Il settore maggiormente vulnerabile è quello della cosiddetta IV gamma, una categoria evoluta di ortofrutta che comprende prodotti freschi e trasformati pronti al consumo. Questa nicchia produttiva trova nel territorio campano e nel Mezzogiorno in generale il suo principale bacino di produzione. L'impennata dei prezzi delle materie prime e dei servizi logistici rischia di rendere insostenibili i costi di gestione per migliaia di piccole e medie imprese che operano in questa filiera.

La preoccupazione espressa dalle organizzazioni di categoria riflette una situazione in cui gli agricoltori del Sud si trovano stretti tra due fuochi: da un lato l'aumento esponenziale delle spese di produzione, dall'altro il rischio che i margini di guadagno si assottiglino ulteriormente a causa di fenomeni speculativi legati alla volatilità dei mercati.
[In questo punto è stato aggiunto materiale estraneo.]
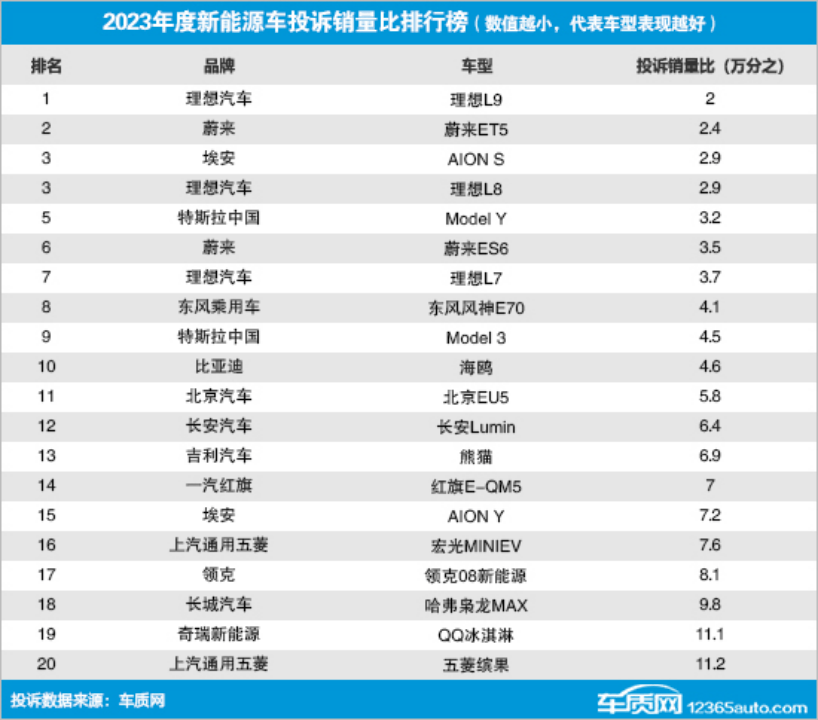 中国新势力汽车销量榜单公布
Senza interventi strutturali, le imprese rischiano di non riuscire a mantenere la competitività che contraddistingue il Made in Italy nel settore ortofrutticolo.

La questione assume un'importanza strategica nel contesto economico nazionale, considerando il ruolo che il comparto agricolo meridionale riveste nella produzione di eccellenze agroalimentari riconosciute a livello internazionale. Le organizzazioni chiedono attenzione alle istituzioni per fronteggiare una crisi che potrebbe avere ripercussioni significative non solo sulle aziende, ma sull'intero tessuto economico e occupazionale del territorio.